Look forward to some other opinions on this

Louise


----------



## TheNorwegian

Thank you agian, Louise! 
My tortoises are "Testudo Hermanni Boettgeri", wich i belive origins from Greece, I dont know what to call them - Greeks or hermanns?

If they dont actually NEED the insects i think i will just feed them as i have been doing over the years, without insects. I'm kinda "afraid" my mom and my sister would freak out if i gave them worms... haha


----------



## Cfr200

I saw one of my Sulcata after a rainstorm eat a few worms that where in his pen. I did not think they he would, but they are creatures of opportunity. My pen is also near my Mulberry tree and it gets a few berries in it, one eats them and my other one does not. I think as long as they do not get these things very often or as staples of their diet everything is alright.


----------



## Tortoise

TheNorwegian said:


> Thank you agian, Louise!
> My tortoises are "Testudo Hermanni Boettgeri", wich i belive origins from Greece, I dont know what to call them - Greeks or hermanns?
> 
> If they dont actually NEED the insects i think i will just feed them as i have been doing over the years, without insects. I'm kinda "afraid" my mom and my sister would freak out if i gave them worms... haha



Yes you would normally distinguish them as Hermanns because the Greeks are a species or many species all of their own Although some of the mirror the care of the Hermanns and some are totally different.

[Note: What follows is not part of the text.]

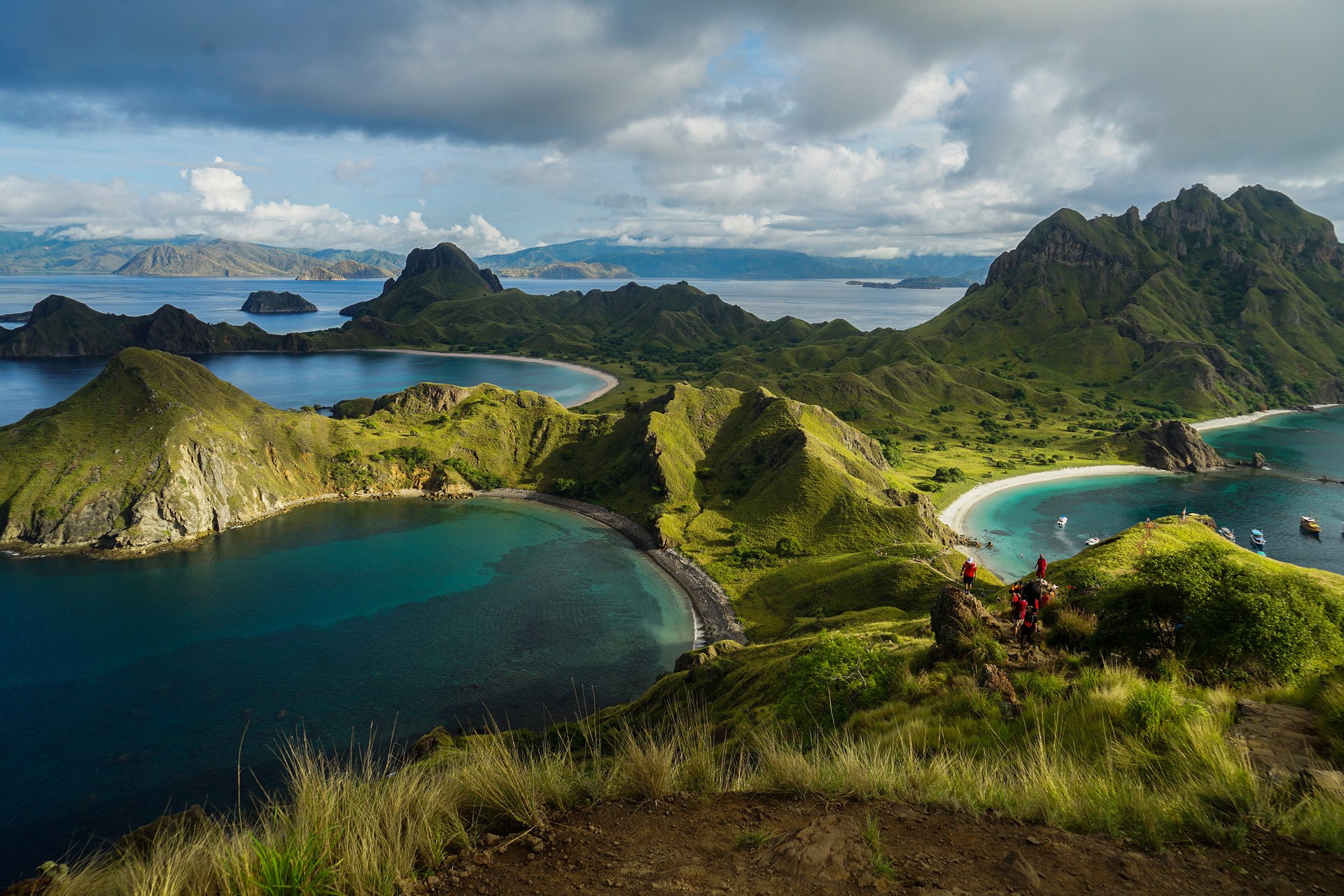 An aerial view of Padar Island in Komodo National Park, its ridged hills dropping to turquoise bays and pale beaches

I had a Western Hermanns Hermanni Hermanni
They love cacti pads too if you can get any.Quite a few flowers too.
Its funny because I tend to buy only house plants that tortoises eat, same for the garden. My non tortoise friends think that is very odd criteria.

They just don't understand.

there is tons of info out there on Hermans , on this forum and out on the web too. There are lots of plant lists too , they have a wide range of tastes really.

Enjoy your tortoises
Did you see the section on species specific questions too-Meditteranean-Hermans in the list of forums here.Sorry don't know how to send a link.

Happy tortoise watching
Louise


----------



## TheNorwegian

Yes, ive seen that part of the forum. 
I give them many different plants and weeds, and also some flowers. 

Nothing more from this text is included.